米Microsoftが米国の独占禁止法(反トラスト法)違反に問われた裁判で,Colleen Kollar-Kotelly判事が出した裁定はMicrosoftに大きな勝利をもたらしたと報じられている(関連記事)。えげつない独占の実態を暴かれて絶体絶命の状態にあったMicrosoftが,ほとんど無傷で逃げ切ってしまえたことに驚きを感じている人は多い。しかし今回の訴訟はMicrosoftが直面する法廷闘争の1つにすぎない。これからもMicrosoftは多岐にわたる訴訟に対峙していかなければならない。しかもそのうちのいくつかは,より広範な有罪の評決が出ている。Microsoftがなお抱えている訴訟をいくつか見てみよう。

Kollar-Kotelly裁定への上訴:和解に達していない13の州とワシントンD.C.はKollar-Kotelly裁定が公共の利益に反すると判断した場合,連邦最高裁への上訴が可能だ。実際に,多くの競合企業が和解前の州に対して上訴を働きかけている。米Sun Microsystemsが各州政府に対して上訴を要求する文書を出したほか,AOL Time Warnerで法務を担当するPaul Cappuccio上級副社長はKollar-Kotelly裁定を「こんな間抜けな和解案にお墨付きを与えるなんて愚の骨頂だ」とあざけるコメントを出している。この裁定については抜け穴だらけだと指摘する声もある。1995年に司法省とMicrosoftとの合意に基づいて出された同意判決の二の舞になるというのだ。この同意判決は,Gates会長とMicrosoftがインターネット市場を席巻してしまわないようにとWindowsとInternet Explorerの抱き合わせの強要を禁じていたが,やはり抜け穴があったことから実質的に無意味になり,今日の独占状態を許してしまった経緯がある。

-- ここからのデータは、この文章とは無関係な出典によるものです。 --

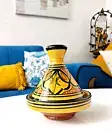 Ceramic Tagine Pot for Cooking, Handmade Moroccan Tajine kitchen moroccan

競合企業による提訴:Microsoftの競合企業自身もカードを持っている。最初のMicrosoft訴訟で,Thomas Penfield Jackson判事がSun,米Netscape Communications(当時。現在はAOL Time Warnerと合併),米Beの3社がMicrosoftの妨害行為によって損害を被ったと認定した。この裁定はその後の上訴審でも支持されている。これを受けて3社はそれぞれ損害賠償を求める裁判を起こしている。中でもNetscapeは司法省がMicrosoftとの裁判で中心に据えていた被害企業であり,特に興味深い。他企業と同様,Netscapeは金銭による損害賠償を求めているが,加えて裁判所に対しても,積極的な競争の促進と,競争の妨害行為の禁止をMicrosoftに命令するよう求めている。またSunはMicrosoftがインターネットの「門番」のような立場になることを阻止しようとしている。Sunの損害賠償の請求額は数十億ドルに上る。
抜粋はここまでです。